> _Work to complete_:
Output nothing except the lines from the one containing "112 Deerfield Road" through the final line of the data, both included, typed exactly, minus the pictures.

> _Data section_:
+ + + + +
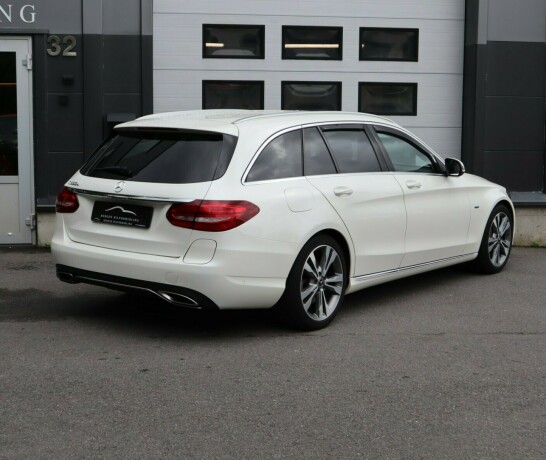 mercedes-benz-c-klasse-plug-in-petrol-2017-big-1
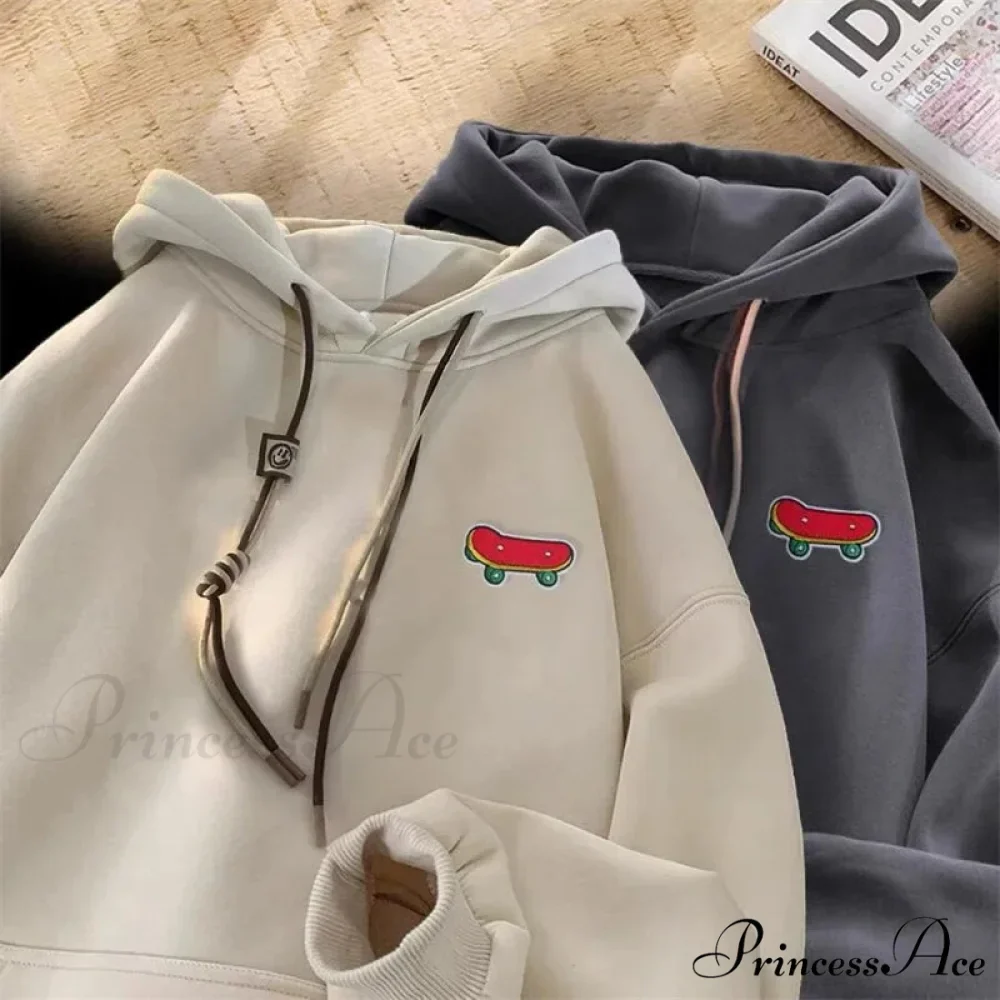 Cute Skateboard Graphic Cotton Fleece Hoodie - Image 3
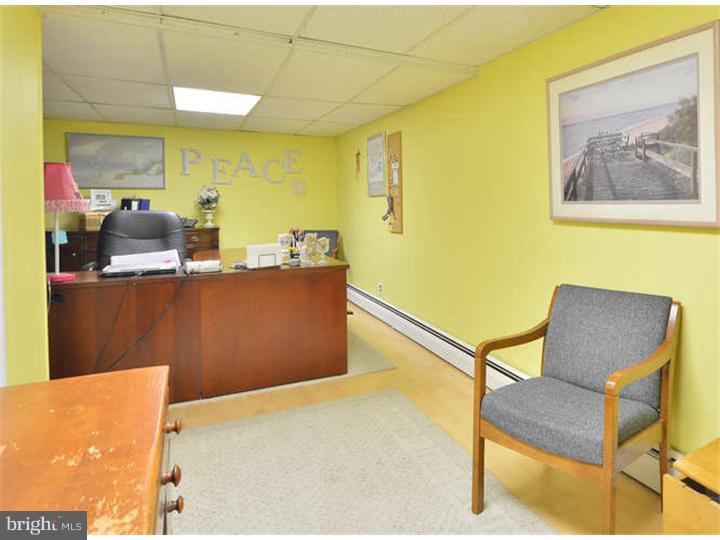 112 Deerfield Road Broomall, PA 19008 - Photo 21 of 25 Office / Study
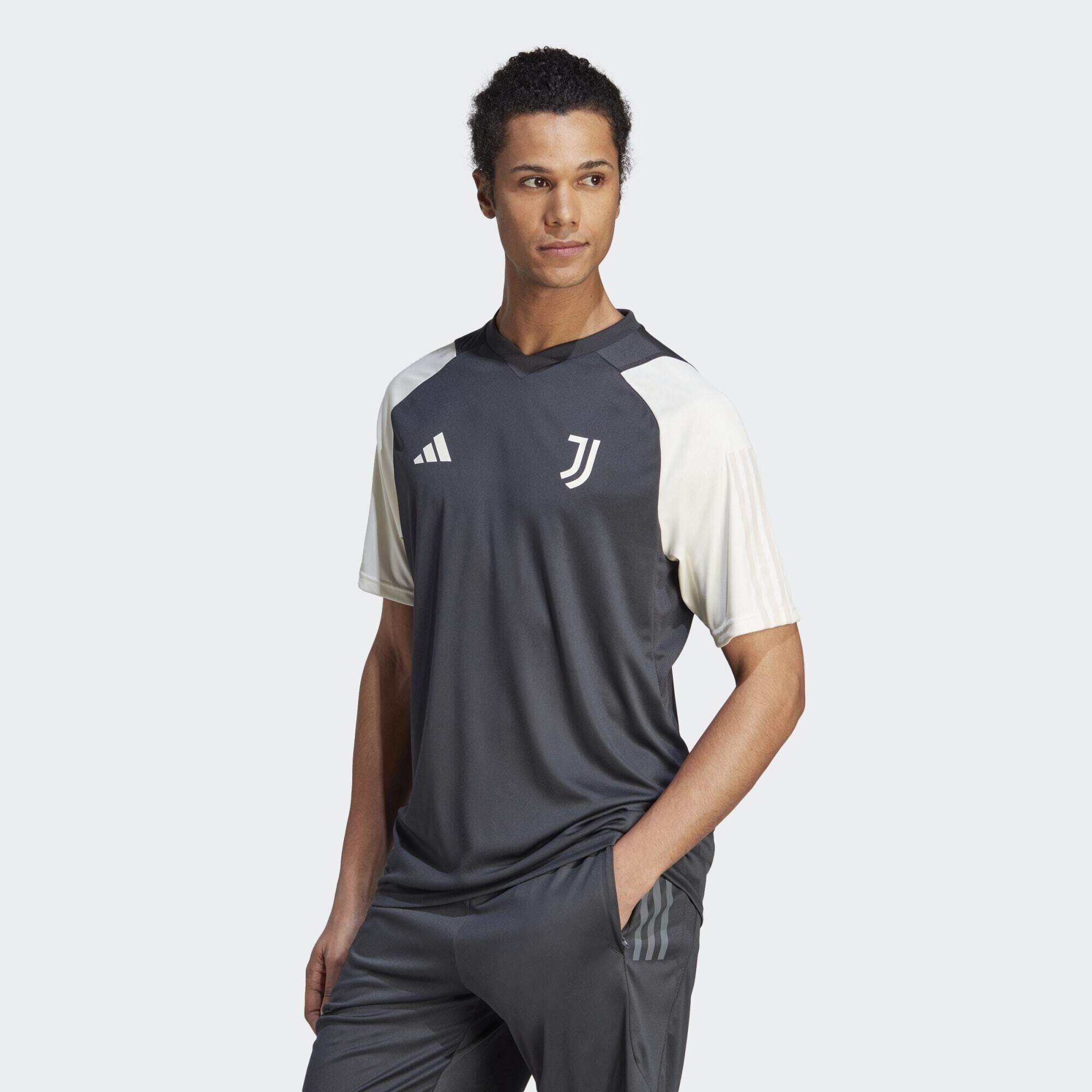 ADIDAS Juventus Tiro 23 Training Jersey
+ + + + +
> _Answer box_:
 112 Deerfield Road Broomall, PA 19008 - Photo 21 of 25 Office / Study
 ADIDAS Juventus Tiro 23 Training Jersey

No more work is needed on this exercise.